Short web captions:
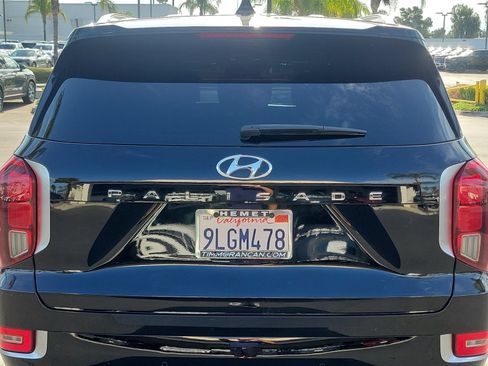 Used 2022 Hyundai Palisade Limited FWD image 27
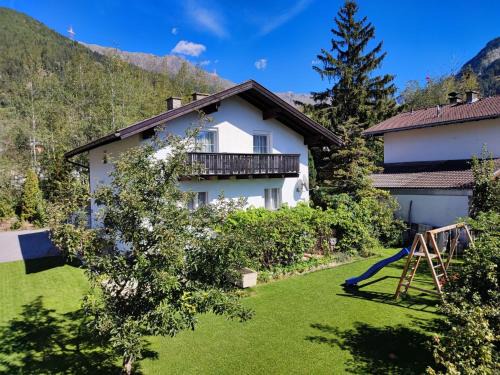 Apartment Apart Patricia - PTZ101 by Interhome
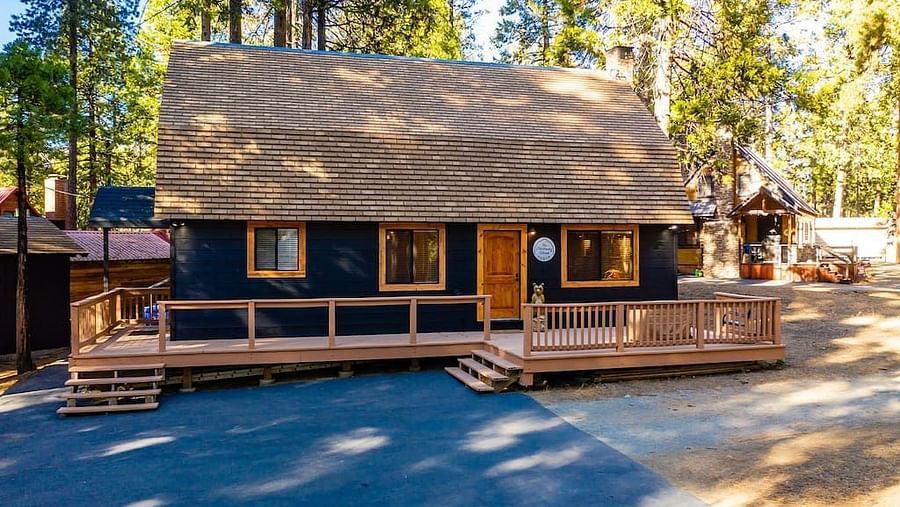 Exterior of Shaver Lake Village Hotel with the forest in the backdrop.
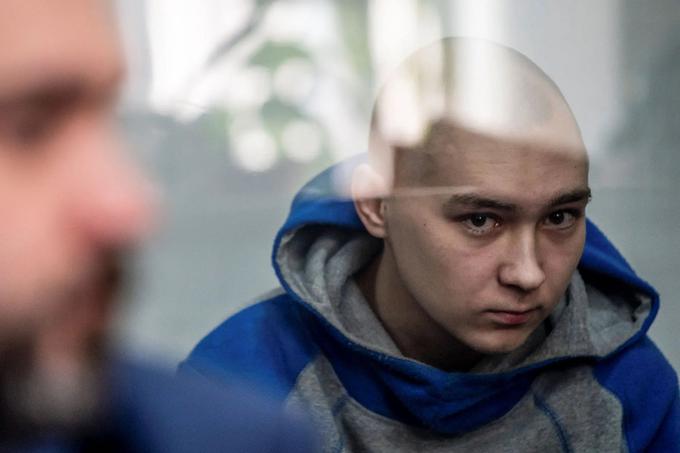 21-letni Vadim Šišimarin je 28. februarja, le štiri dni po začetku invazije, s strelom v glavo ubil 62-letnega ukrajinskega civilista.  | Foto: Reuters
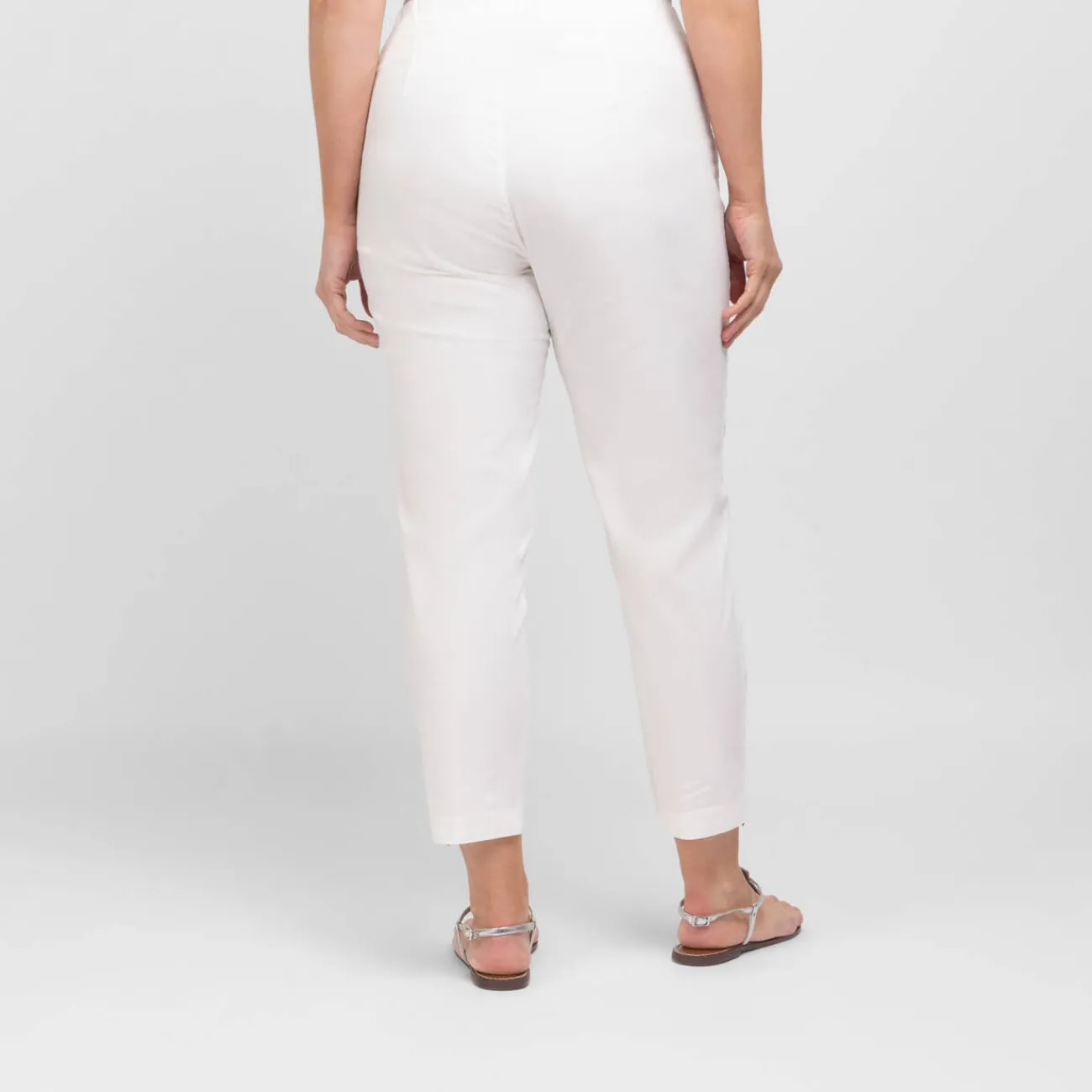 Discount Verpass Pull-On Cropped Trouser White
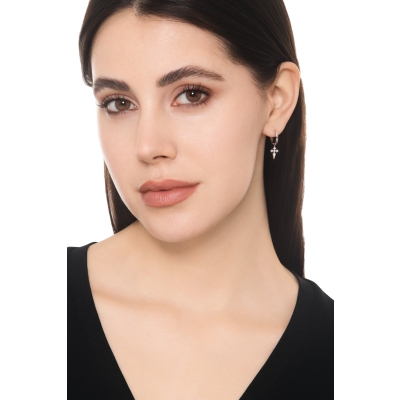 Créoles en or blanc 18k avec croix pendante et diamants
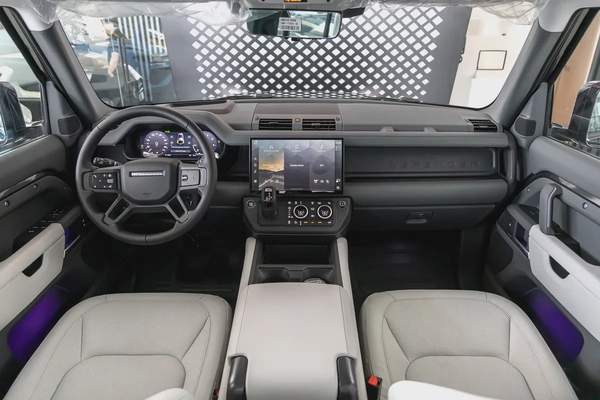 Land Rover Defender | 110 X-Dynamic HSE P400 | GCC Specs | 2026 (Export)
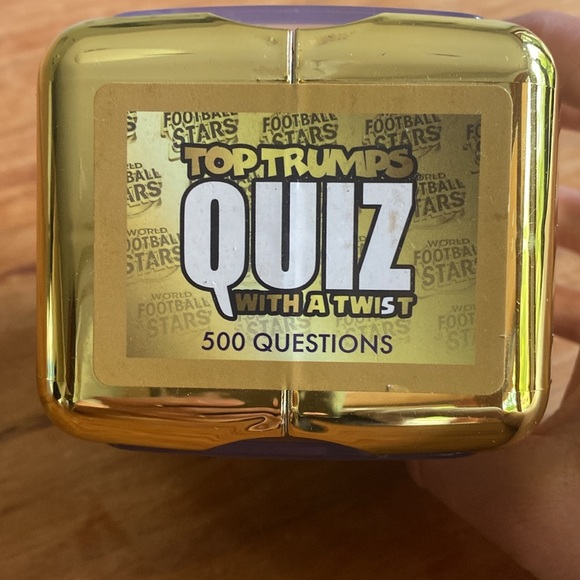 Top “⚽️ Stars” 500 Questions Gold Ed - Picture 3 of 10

:: Task goal ::
Transcribe exactly the lines from the one containing "Apartment Apart Patricia" through the last line of the records above, and nothing else. Leave out the pictures.

:: Reply ::
 Apartment Apart Patricia - PTZ101 by Interhome
 Exterior of Shaver Lake Village Hotel with the forest in the backdrop.
 21-letni Vadim Šišimarin je 28. februarja, le štiri dni po začetku invazije, s strelom v glavo ubil 62-letnega ukrajinskega civilista.  | Foto: Reuters
 Discount Verpass Pull-On Cropped Trouser White
 Créoles en or blanc 18k avec croix pendante et diamants
 Land Rover Defender | 110 X-Dynamic HSE P400 | GCC Specs | 2026 (Export)
 Top “⚽️ Stars” 500 Questions Gold Ed - Picture 3 of 10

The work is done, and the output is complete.